The data below should be printed in full, exactly, and without any of its images.

- _Provided data_:
^^^^^^^^^^^^^^^^
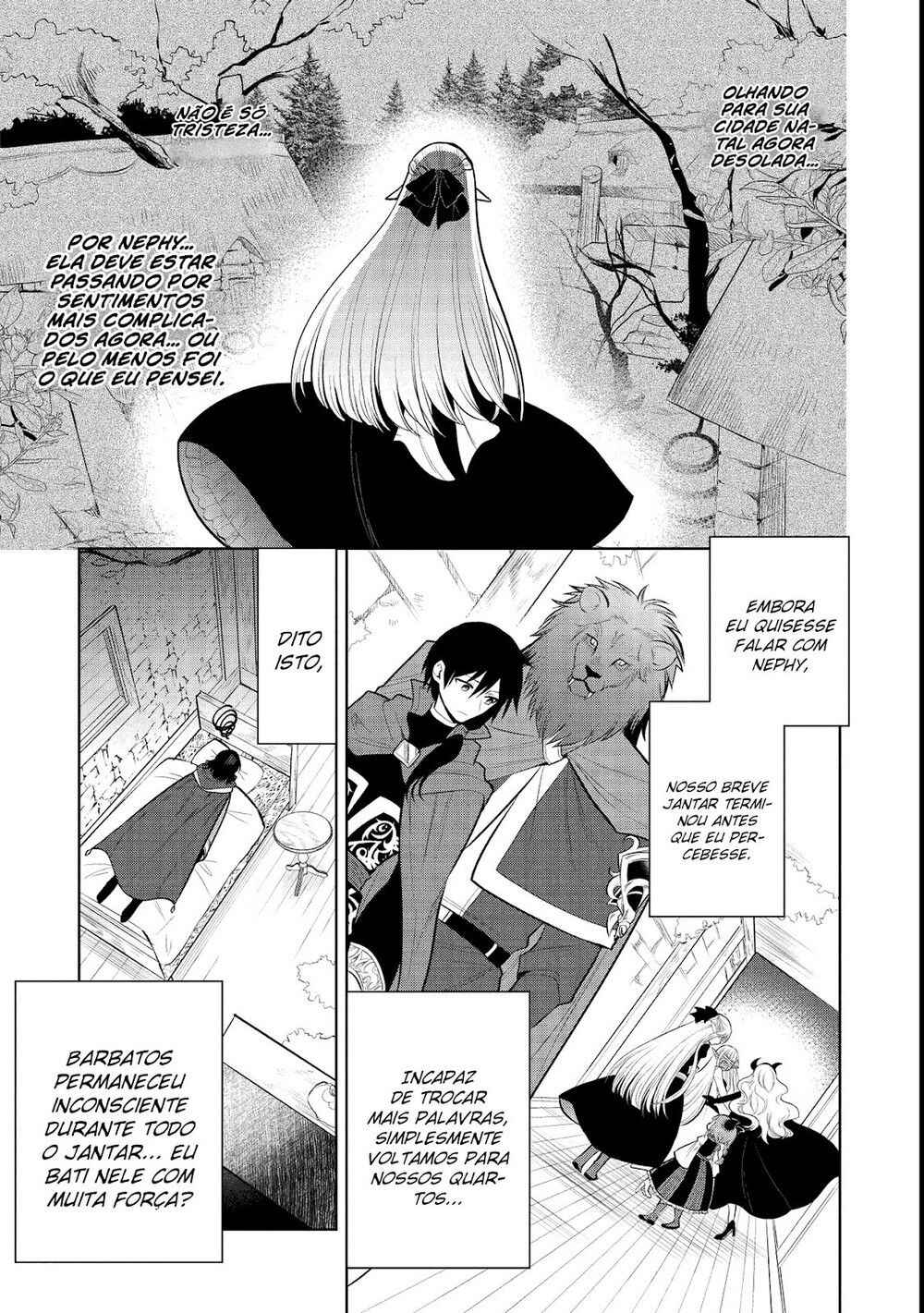 Maou no Ore ga Dorei Elf wo Yome ni Shitanda ga, Dou Medereba Ii? Chapter 40 - Page 4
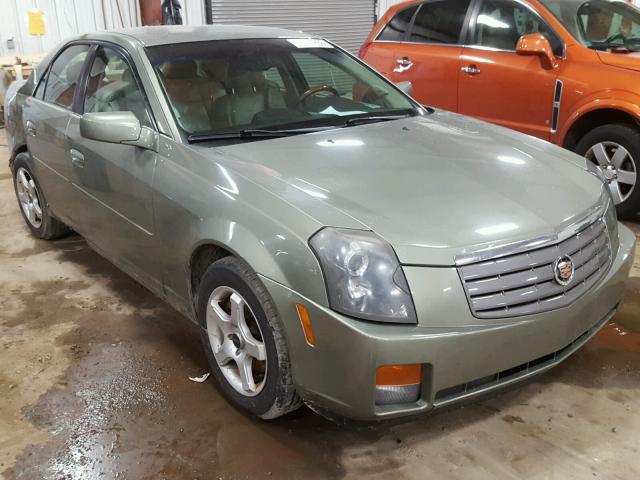 1G6DP567X50189118 - 2005 CADILLAC CTS HI FEA TEAL photo 1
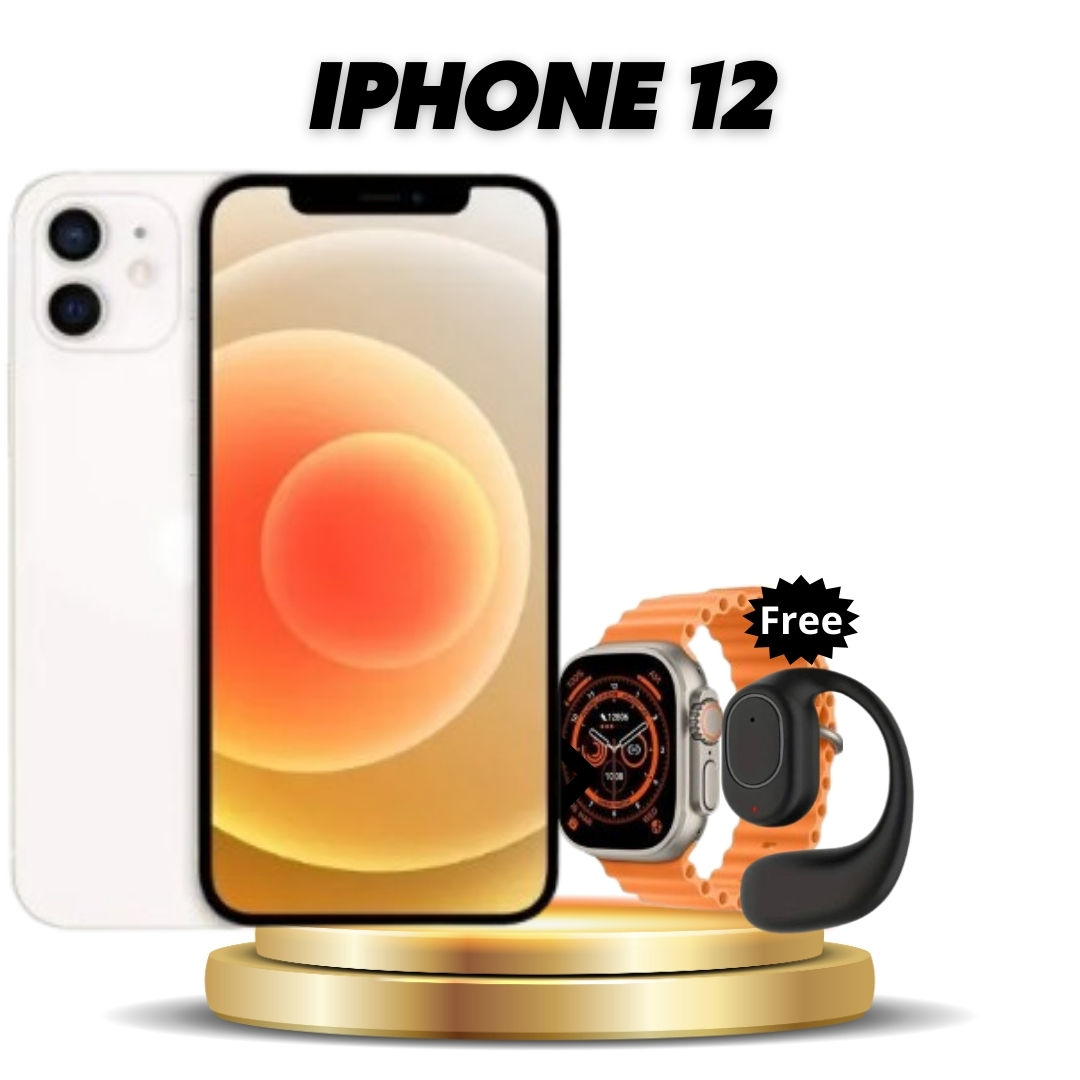 iPhone 12 128GB With Face ID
^^^^^^^^^^^^^^^^
- _Response for this exercise_:
 Maou no Ore ga Dorei Elf wo Yome ni Shitanda ga, Dou Medereba Ii? Chapter 40 - Page 4
 1G6DP567X50189118 - 2005 CADILLAC CTS HI FEA TEAL photo 1
 iPhone 12 128GB With Face ID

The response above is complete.